Swedish furniture giant Ikea has incorporated induction-charging stations into products from its latest collection, which will allow users to wirelessly charge their smartphones.

Lamps, bedside tables and desks in Ikea‘s new collection each have an integrated pad that can charge portable electronic devices simply by placing them on top.

Ikea wireless charging furniture

“Through research and home visits, we know that people hate cable mess,” said Jeanette Skjelmose, Ikea business area manager for lighting and wireless charging.



“They worry about not finding the charger and running out of power,” she continued. “Our new innovative solutions, which integrate wireless charging into home furnishings, will make life at home simpler.”

Ikea wireless charging furniture

Wireless charging – also known as induction charging – powers up mobile devices by using an electromagnetic field to transfer energy.

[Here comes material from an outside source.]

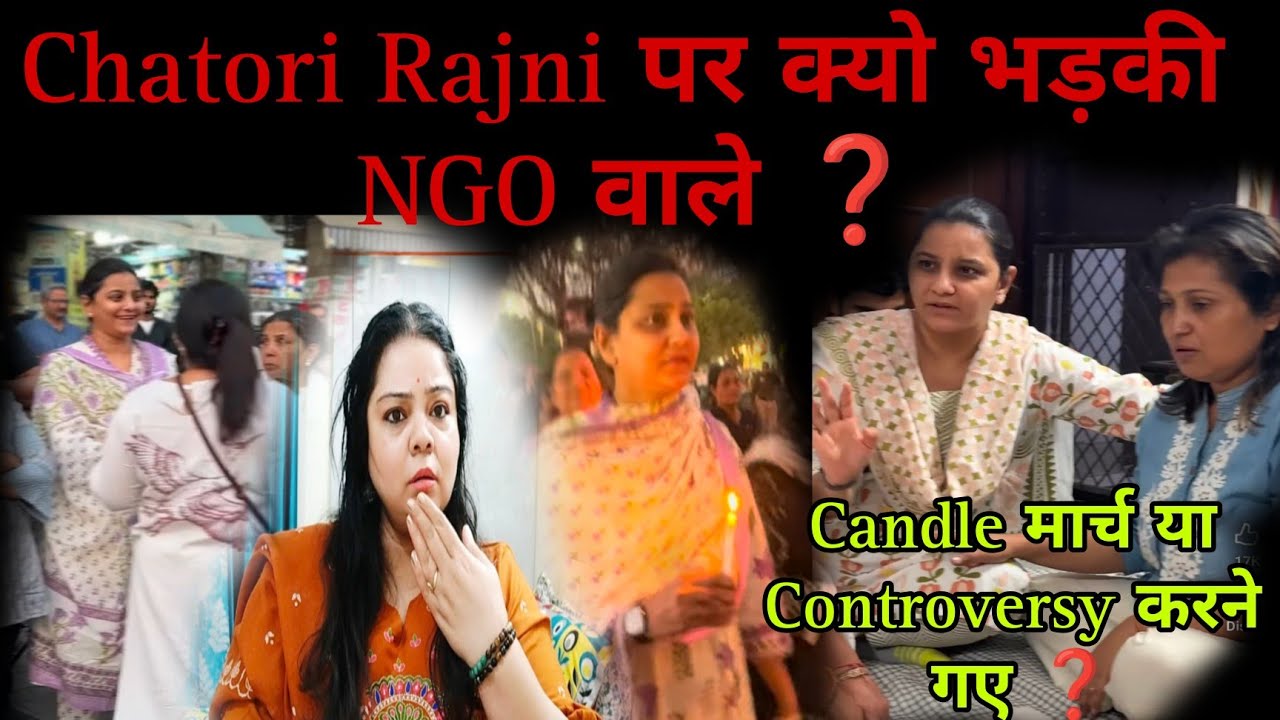 Chatori Rajni को Candle March में किया सबसे पीछे 😱 Ngo वालों से हुई लड़ाई ❌😱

When in contact, a magnetically charged coiled wire within the station induces a current in another coil located in the device, which can then use that energy to charge its own battery.

Ikea wireless charging furniture

The charging pads in Ikea’s furniture were developed by specialist technology company Qi. Devices with embedded Qi technology – which currently include models by Google Nexus, HTC, Samsung and Nokia – will already by compatible with the furniture products.

For phones and tablets that aren’t currently supported, such as the iPhone and Samsung Galaxy models, Ikea is also launching a range of covers to allow them to perform in the same way.

Ikea wireless charging furniture

The devices automatically begin charging when placed on the flat circular pads, which are identified by a subtle cross on the top.

These pads are integrated into the bases of simple lamps and the surface of small tables. Ikea is also releasing a stand-alone charging pad with three ports, for use in the office or family homes.

Ikea wireless charging furniture

Another charging pad has been designed to fit into the brand’s existing Micke and Stuva desks.

The wireless charging range will be available at Ikea’s UK stores and website from mid-April.

Ikea wireless charging furniture

Ikea’s head of design Marcus Engman spoke to Dezeen about the introduction of the products to the company’s range in an exclusive interview earlier this month. “We don’t want to go into electronics; we want to make the home smarter,” he said.

The move is just one of the changes Engman is introducing as part of his attempt to “bring the surprise back” to the brand.

Ikea wireless charging furniture

Last month, Ikea debuted a range of cork and natural-fibre homeware products by designer Ilse Crawford, with more collaborations and capsule collections planned over the coming year.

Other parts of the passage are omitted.